Cherokee’s Tribal Alcohol Beverage Control Commission was established in 2009. Holly Kays photo Cherokee’s Tribal Alcohol Beverage Control Commission was established in 2009. Holly Kays photo

A referendum vote asking enrolled members to approve a tribally owned package store and ABC store selling beer, wine and liquor will be held Thursday, May 31, following a recent announcement from the Eastern Band of Cherokee Indians Board of Elections. 

Voter registration will close Tuesday, May 1, and absentee ballot requests will be accepted through Wednesday, May 16. Absentee ballots must be received no later than 4 p.m. Monday, May 21. 

The announcement follows months of debate, beginning with legislation Councilmember Lisa Taylor, of Painttown, introduced in October seeking to end the issuance of permits to a handful of off-casino restaurants. Her resolution asked Tribal Council to approve a referendum vote asking tribal members whether they approved of alcohol sales on tribal land other than the casino.
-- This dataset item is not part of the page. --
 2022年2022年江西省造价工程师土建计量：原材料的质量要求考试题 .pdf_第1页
A no vote, she said, would end issuance of the permits while a yes vote would allow for a broader array of permits to be granted. 

The controversial permits were given pursuant to a state law — known as the “Blue Ridge Law,” which pertains to tourism establishments within 1.5 miles of a Blue Ridge Parkway onramp — listing permit types not subject to a referendum. They have elicited sharp dissent from some members of the community. When Taylor introduced her legislation, she was told by attorneys for the tribe and for the Tribal ABC Commission that undoing these permits would require action on the state’s part, rather than just the tribe’s. That analysis angered some people who felt that tribal sovereignty should outweigh any agreement with the state and that the people had spoken on the issue of alcohol sales outside the casino. 
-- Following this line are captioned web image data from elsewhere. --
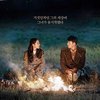 8 Rekomendasi Drama Korea Romantis Untuk Menemani Waktu Weekend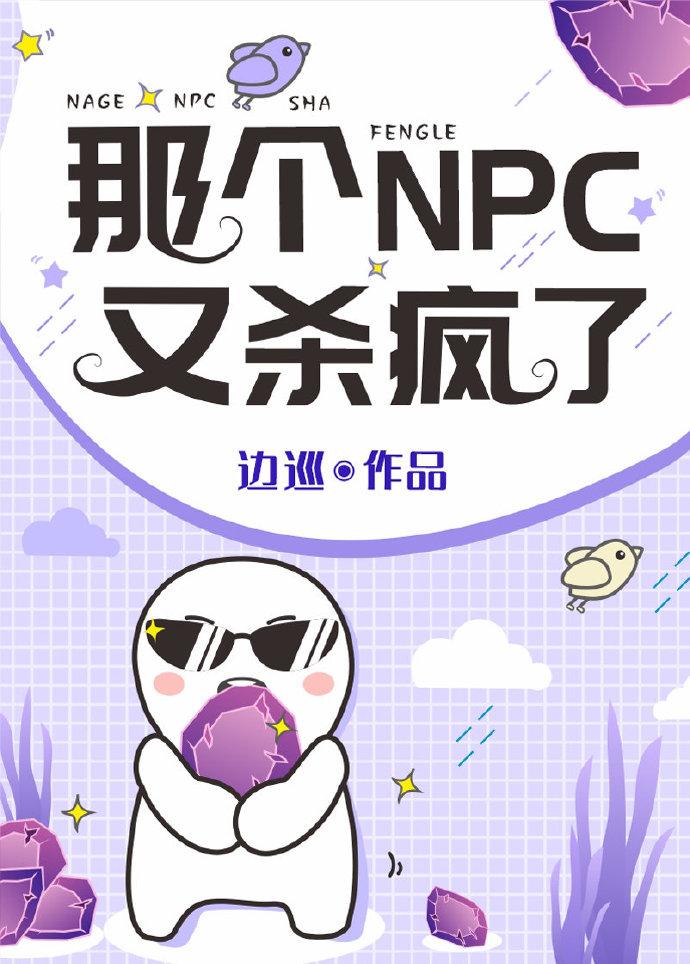 那个NPC又杀疯了 ...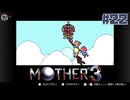 大好きなゲームMOTHER3を改めて遊ぶ ☆実況プレイ - 強くなる理由 - #22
Over a series of months, the resolution shifted from its original intention to hold a referendum giving tribal members the chance to end Blue Ridge Law permits to a form that would give tribal members the chance to approve a tribally owned package and ABC store but not provide opportunity to reduce alcohol availability from the current level. 

The controversy over alcohol’s place on Cherokee land has been playing out for years, especially since the casino was built in 1997. Tribal members eventually voted to allow alcohol sales on casino property — in 2009, 12 years after the casino opened — but have staunchly rejected subsequent referendum questions seeking approval for off-casino sales.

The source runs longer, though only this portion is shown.